Si ce n'était pour son amour, du moins pour son frère était-il grand temps qu'elle atteignît cette ville. Le chagrin, le désespoir dévoraient le malheureux captif.

Marguerite le trouva au lit, sérieusement malade, dans un état de marasme, de prostration effrayants chez un homme aussi vigoureusement constitué. Un peu plus, et l'inflexible Charles-Quint n'eût conservé dans sa prison que le cadavre de son ennemi.

Avant de songer à son bonheur, la princesse songea à ce frère adoré dont on ne soupçonnait pas en France la misérable condition. Elle s'installa auprès de lui, véritable garde-malade, et lui prodigua les soins sans lesquels il eût inévitablement péri.

Aborder en un pareil instant le but de son voyage, répondre aux épanchements, à la reconnaissance attendrie de son frère, qui se croyait le seul objet de ce dévouement, par l'exposé des intrigues du premier ministre, par une demande qui devenait une affaire d'État, ce n'était pas le fait d'une âme délicate et affectueuse.

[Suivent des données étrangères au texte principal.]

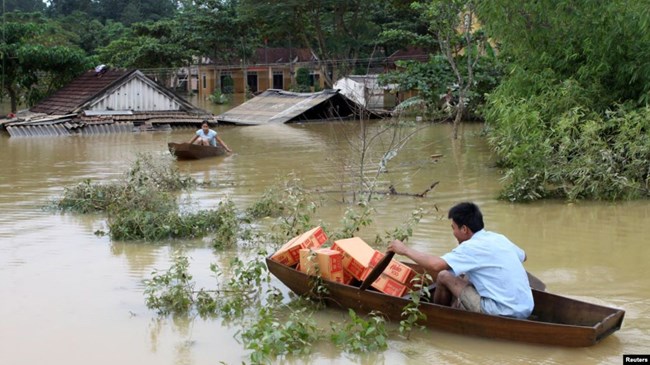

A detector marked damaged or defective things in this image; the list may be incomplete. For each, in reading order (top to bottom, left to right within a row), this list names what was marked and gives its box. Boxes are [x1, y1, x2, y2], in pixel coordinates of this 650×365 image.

Avant de parler affaires, Marguerite parla guérison. Avant d'aborder la délivrance du chevalier de Pavanes, elle s'occupa de celle de son frère.

François espérait beaucoup de sa présence à Madrid, pour hâter cette grosse solution. Duprat avait trouvé un moyen de neutraliser les efforts de la régente, et d'empêcher que l'empereur prît en considération le traité qui lui offrait la main de la duchesse d'Alençon.

Mais le roi se rappelait que Charles avait été naguère fort épris de sa sœur; Marguerite atteignait, nous l'avons dit au commencement de notre récit, au déploiement de sa beauté et de ses charmes. Sa vue, son entretien, pouvaient ranimer la passion de l'empereur, et lui rendre désirable un hymen qui trancherait toutes les difficultés.

Pour Marguerite, si enviable que fût un trône comme celui d'Occident, elle bornait généreusement son ambition à rendre la liberté à son frère, à sauver la vie de l'homme qu'elle aimait. Mais pour remplir ce double but, ce but sacré, elle était résolue à tous les sacrifices compatibles avec sa dignité.

Quoi que cette démarche pût lui coûter, pour être agréable à son frère, elle sollicita une audience de l'empereur, qui n'avait pas jugé à propos, s'abritant sous les rigueurs de l'étiquette espagnole, de venir le premier à elle. Satisfait de cet acte de déférence d'une princesse aussi illustre, il s'empressa de lui envoyer sa réponse par un des seigneurs de sa chambre.